L’illusione di vivere senza l’Altro
Qualche anno fa avevo letto un saggio illuminante che spiegava come, nella nostra epoca, il prossimo avesse perso visibilità e consistenza, a causa dell’espansione dell’io. Lo aveva scritto uno psicoanalista molto bravo, Luigi Zoja, che lo aveva intitolato proprio La morte del prossimo (Einaudi).
Qualche giorno fa ho concluso la lettura di un altro saggio che, da una prospettiva più filosofica, non psicoanalitica, affronta lo stesso tema. Si tratta di L’espulsione dell’altro di Byung-Chul Han (Nottetempo). Un saggio non meno illuminante di quello di Zoja, non di facilissima lettura per chi non frequenta la filosofia, ma di estremo interesse, reso comunque piacevole dal ricorso dell’autore alla letteratura e al cinema per condurre il suo percorso.
La tesi di fondo del Byung-Chul Han – un coreano che insegna in Germania – è che la nostra società, dominata dal neoliberismo il cui obiettivo è la produttività, tende a livellare ogni realtà, esperienza ed entità nella dimensione dell’Uguale, cancellando la dimensione dell’Alterità. In altre parole, il nostro mondo è ormai pervaso da un pensiero, una cultura unica che tende ad espellere tutto ciò che non le corrisponde e che non si fa omologare.
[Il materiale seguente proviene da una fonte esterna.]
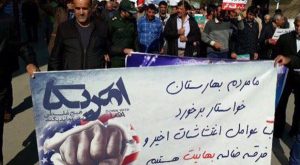 Hours after the arrest of nine Baha'i citizens, a crowd of worshippers at Friday prayers staged a march calling for a crackdown on protesters and Baha’is
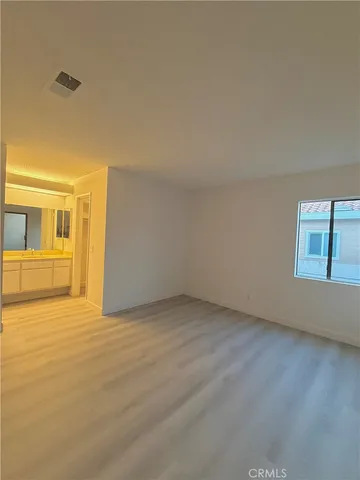 a view of an empty room with window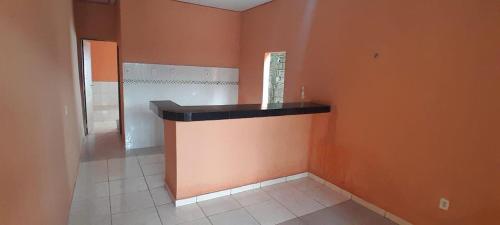 a room with an orange wall with a counter in it at Casa para temporada COP 30 in Belém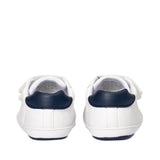 Pair of white low-cut sneakers with navy blue heel counters and soles, featuring white velcro straps.
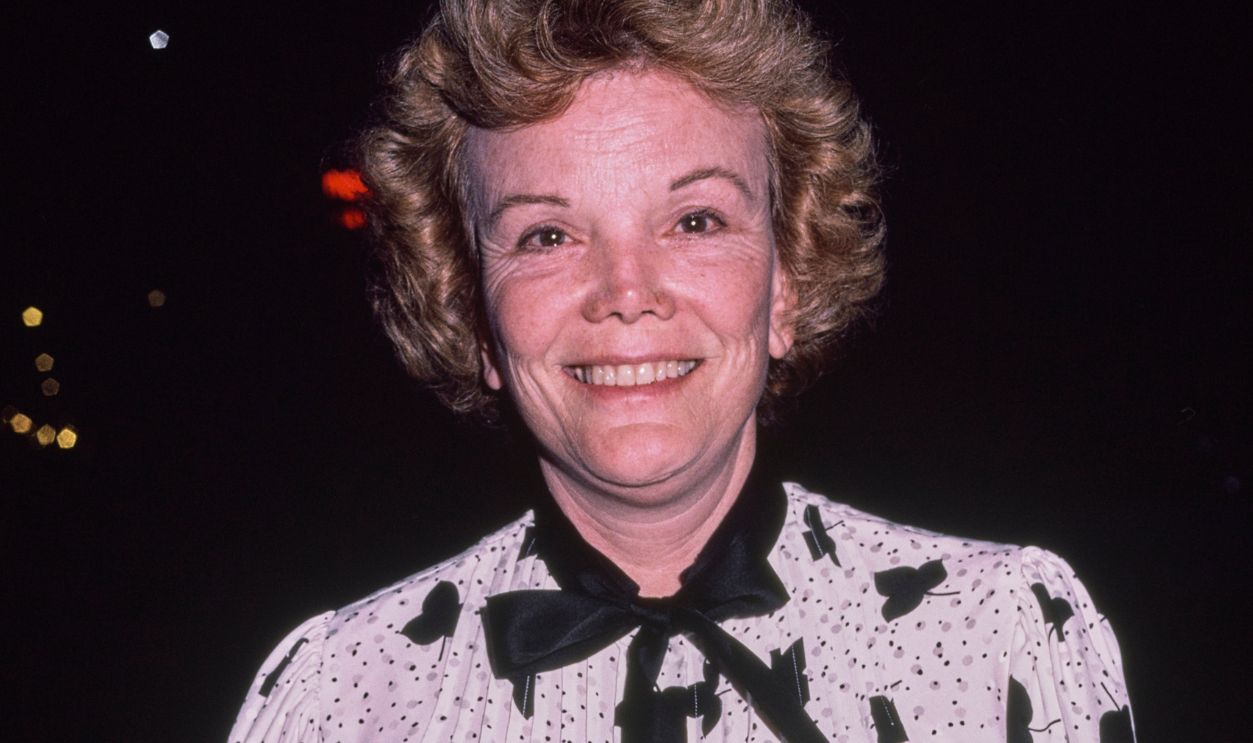 American actress, singer and dancer Nanette Fabray, wearing a black-and-white leaf pattern outfit with a black purse, United States, circa 1980.
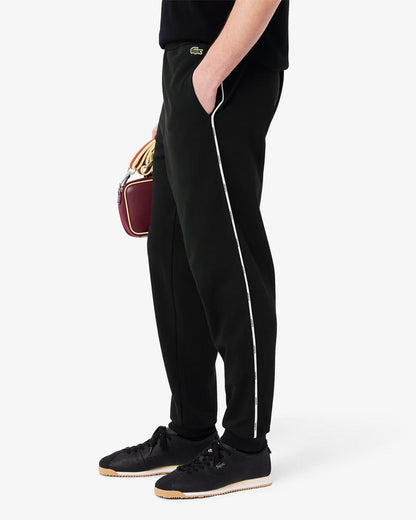 Pantalone Lacoste con logo firmato lungo la gamba uomo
La ricerca della massima produttività e, specularmente, del consumo hanno pervaso e invaso la nostra esperienza, grazie anzitutto a un’affermazione incondizionata dell’Io – in ciò l’analisi di Byung-Chul Han coincide con quella di Zoia. Il risultato è una realtà in cui qualsiasi esperienza della differenza, dell’Altro in tutte le sue accezioni scompare radicalmente.
La comunicazione digitale esprime perfettamente questo stato di cose, configurandosi come il linguaggio della nostra epoca: siamo chiamati sempre e solo a esprimere un “mi piace”, non ad articolare il nostro pensiero, in un dialettica costruttiva.
Ciò ha portato l’individuo e la società al benessere e alla felicità? Evidentemente no. Abitante di una casa in cui c’è spazio solo per se stesso, l’individuo è più solo che mai, come sta a denunciare ad esempio l’aumento dei casi di depressione. Il punto è che senza il confronto con l’Altro l’io non è in grado di auto-definirsi, di svilupparsi, di costruirsi come identità specifica. Abbiamo bisogno del riferimento a una Alterità per diventare noi stessi; se quella viene meno, anche l’io è in crisi.
Liberandosi dell’altro l’io pensa di migliorare la sua esistenza, di espandere la sua vitalità, di accrescere le sue possibilità. Invece accade tutto il contrario.
Molti fenomeni dell’attualità possono essere compresi a partire da questa analisi. Lo stesso terrorismo è una ribellione violenta alla legge assoluta dell’Uguale.
L’espulsione dell’altro è un testo con cui vale la pena confrontarsi. L’analisi filosofica diventa chiave ermeneutica del presente.